If there is a third buffer, which is what you get with triple buffering and 3 max swapchain images, it is an image that is copied to the second buffer whenever it’s fully drawn. Actually, this operation is also not a copy, but just a pointer swap so that there is always a fully-rendered frame in the back buffer to be sent to the front buffer when requested for vblank. This is why triple buffering has the lowest input latency. It always immediately sends the most recently-completed frame and does not prevent the program from writing to it. Triple buffering is a clever method of vsyncing that well-written programs use to reduce input latency at the small cost of a 50% increase in necessary video memory.

hunterk · 15 January 2017 07:39

[QUOTE=Tatsuya79;44581]About that Byuu article it’s interesting until it ends up with “it’s not worth it to even try to get 16ms, think about it”. How come it’s so easy to spot when playing snes in retroarch?[/QUOTE]Alcaro was looking at current higan re: brunnis’ patch and he said it would probably only gain a few ms assuming vsync is disabled. Vsync is what makes it add/remove an entire frame of latency. Current higan disables vsync by default at the cost of video tearing (unless you have a gsync/freesync monitor). I don’t have one of those to test, but I suspect his lack of exclusive fullscreen is causing Windows, at least, to force vsync anyway as part of its compositing chain (i.e., unless Aero is disabled, which can’t even be done on Win8+).

My problem with byuu’s latency essay is that he’s not an expert on any of it, and he brings zero data in either measurements or algorithms to back up his statements. He just says a bunch of stuff and everyone is supposed to believe him because he’s been working on one emulator–which happens to be the most latent of any in its class–for 12 yrs.

If you want to know some obscure SNES timing thing, byuu’s your man, but he knows little-to-nothing about driver buffering/delays, audio mixing/resampling, etc. And that’s fine; nobody can be an expert on everything, but you shouldn’t present yourself as an expert on something when you’re very definitely not.

If Brunnis is interested in doing some more tests, I’d be curious to see if RetroArch is any faster with vsync disabled and maximum runspeed set to 1x (and/or block on audio).

Brunnis · 15 January 2017 07:39

Actually, my fix should not have anything to do with vsync. This is also reflected in the fact that the fix shows the same one-frame improvement when pausing the emulator and advancing frame-by-frame. Whether vsync is on or off has no effect on such a test.

Even though higan doesn’t have vsync, it still limits framerate to 60 FPS. This means that the frame period is 16.7 ms and polling at the end of the frame interval instead of at the beginning (as the bsnes cores did and as I believe higan still does) will incur close to an extra frame period of lag.
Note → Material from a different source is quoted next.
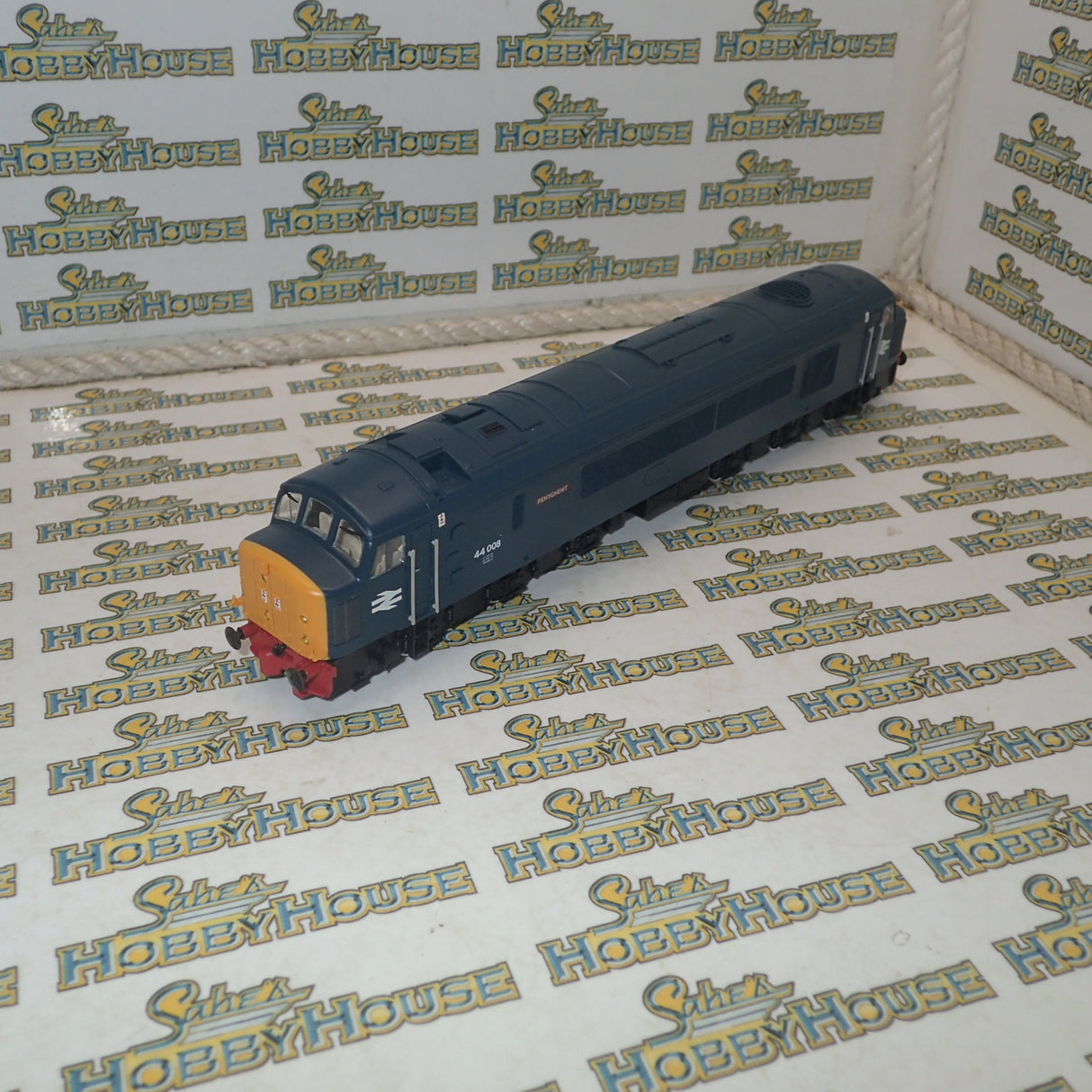 Bachmann 32-651 - HO/00 Scale Class 44 Diesel 44 008 'PENYGHENT' BR Blue Locomotive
To illustrate; before my patch bsnes did the following:

Run game logic
Render frame
Read input
Output frame

Each frame period starts by running game logic (step 1). Since we haven’t yet read the input during this frame period (step 3), the input we have available in step 1 is that which was read in step 3 during the previous frame period. The amount of input lag we add by doing this corresponds to 16.7 ms minus the execution time for steps 1 and 2. For a decent computer which renders a frame in say 2 ms, the potential saving is close to a whole frame period, i.e. 14.7 ms. This is what my patch does, by rearranging the execution loop to this:

Read input
Run game logic
Render frame
Output frame

I’ll see if I can have a look at that.

hunterk · 15 January 2017 07:39

ah, right, that’s pretty straightforward.

Brunnis · 15 January 2017 07:39

Yep. The one thing that slightly complicated it was the fact that we needed to dynamically determine when to perform step 4 (frame output) on a frame-by-frame basis, in order to handle overscan correctly.